Document Detail


Diffusion-weighted imaging in the assessment of tumour grade in endometrial cancer.
MedLine Citation:
PMID:  21896664     Owner:  NLM     Status:  MEDLINE    
Abstract/OtherAbstract:
OBJECTIVE: Endometrial cancer is the most common gynaecological malignancy in developed countries. Histological grade and subtype are important prognostic factors obtained by pipelle biopsy. However, pipelle biopsy "samples" tissue and a high-grade component that requires more aggressive treatment may be missed. The purpose of the study was to assess the use of diffusion-weighted MRI (DW-MRI) in the assessment of tumour grade in endometrial lesions.

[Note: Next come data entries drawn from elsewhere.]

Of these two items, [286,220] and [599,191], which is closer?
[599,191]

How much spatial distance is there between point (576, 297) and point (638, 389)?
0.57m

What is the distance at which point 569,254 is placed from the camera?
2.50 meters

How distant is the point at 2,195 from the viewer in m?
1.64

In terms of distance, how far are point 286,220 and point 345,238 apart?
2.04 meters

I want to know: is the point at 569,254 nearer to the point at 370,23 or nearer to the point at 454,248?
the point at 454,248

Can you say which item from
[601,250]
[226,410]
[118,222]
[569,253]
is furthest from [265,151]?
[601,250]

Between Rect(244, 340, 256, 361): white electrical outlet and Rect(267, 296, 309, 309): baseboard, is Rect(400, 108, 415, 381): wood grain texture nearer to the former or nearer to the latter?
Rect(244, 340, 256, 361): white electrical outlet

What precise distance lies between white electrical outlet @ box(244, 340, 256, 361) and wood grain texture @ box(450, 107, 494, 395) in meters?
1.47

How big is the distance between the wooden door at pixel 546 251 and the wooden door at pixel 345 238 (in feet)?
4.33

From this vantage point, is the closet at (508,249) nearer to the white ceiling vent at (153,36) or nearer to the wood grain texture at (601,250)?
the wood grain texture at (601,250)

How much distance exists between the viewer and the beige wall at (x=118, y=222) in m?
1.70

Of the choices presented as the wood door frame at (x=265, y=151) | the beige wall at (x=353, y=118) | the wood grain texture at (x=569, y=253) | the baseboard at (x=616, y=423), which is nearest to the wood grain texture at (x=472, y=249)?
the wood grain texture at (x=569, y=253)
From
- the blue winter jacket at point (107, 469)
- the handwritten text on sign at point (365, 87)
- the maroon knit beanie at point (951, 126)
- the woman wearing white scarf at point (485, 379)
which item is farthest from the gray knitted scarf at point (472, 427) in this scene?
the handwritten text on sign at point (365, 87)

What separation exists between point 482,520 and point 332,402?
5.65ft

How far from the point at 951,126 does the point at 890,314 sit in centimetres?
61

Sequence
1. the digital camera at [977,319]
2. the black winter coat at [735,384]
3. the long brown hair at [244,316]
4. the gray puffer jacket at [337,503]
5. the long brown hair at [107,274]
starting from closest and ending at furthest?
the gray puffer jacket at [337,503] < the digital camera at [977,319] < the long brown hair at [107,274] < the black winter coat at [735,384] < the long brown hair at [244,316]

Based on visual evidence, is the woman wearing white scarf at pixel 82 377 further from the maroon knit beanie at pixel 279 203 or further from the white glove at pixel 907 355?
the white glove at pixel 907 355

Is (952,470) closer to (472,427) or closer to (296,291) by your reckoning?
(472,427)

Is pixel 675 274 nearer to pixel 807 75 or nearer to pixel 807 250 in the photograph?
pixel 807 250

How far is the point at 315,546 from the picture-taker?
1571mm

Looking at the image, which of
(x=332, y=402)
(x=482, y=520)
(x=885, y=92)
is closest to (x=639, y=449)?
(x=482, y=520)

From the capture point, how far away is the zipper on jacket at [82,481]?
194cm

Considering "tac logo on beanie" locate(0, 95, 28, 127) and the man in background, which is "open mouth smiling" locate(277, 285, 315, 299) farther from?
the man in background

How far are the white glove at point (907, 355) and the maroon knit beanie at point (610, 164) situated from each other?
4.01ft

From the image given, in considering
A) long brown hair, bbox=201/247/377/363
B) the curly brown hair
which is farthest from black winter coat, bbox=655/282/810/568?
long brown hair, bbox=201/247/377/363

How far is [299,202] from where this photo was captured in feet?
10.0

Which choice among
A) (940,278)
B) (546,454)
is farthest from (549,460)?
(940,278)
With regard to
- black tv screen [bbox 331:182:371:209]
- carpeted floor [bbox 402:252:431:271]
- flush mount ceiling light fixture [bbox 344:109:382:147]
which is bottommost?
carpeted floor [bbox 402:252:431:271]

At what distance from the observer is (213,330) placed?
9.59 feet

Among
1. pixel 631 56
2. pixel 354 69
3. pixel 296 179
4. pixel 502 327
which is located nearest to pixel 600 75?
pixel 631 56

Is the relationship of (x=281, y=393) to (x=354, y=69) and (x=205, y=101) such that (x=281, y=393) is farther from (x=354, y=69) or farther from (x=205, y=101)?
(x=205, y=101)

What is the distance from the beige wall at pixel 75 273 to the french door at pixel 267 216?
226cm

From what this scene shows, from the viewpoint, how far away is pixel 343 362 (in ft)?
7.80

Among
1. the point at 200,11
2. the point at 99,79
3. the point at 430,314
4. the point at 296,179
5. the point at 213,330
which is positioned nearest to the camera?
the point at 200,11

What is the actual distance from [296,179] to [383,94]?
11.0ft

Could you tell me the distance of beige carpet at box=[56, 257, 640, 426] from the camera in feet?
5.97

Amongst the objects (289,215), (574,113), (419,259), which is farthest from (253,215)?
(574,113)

METHOD: 42 endometrial lesions including 23 endometrial cancers and 19 benign lesions were evaluated with DW-MRI (1.5T with multiple b-values between 0 and 750 s mm(-2)). Visual evaluation and the calculation of mean and minimum apparent diffusion coefficient (ADC) value were performed and correlated with histology.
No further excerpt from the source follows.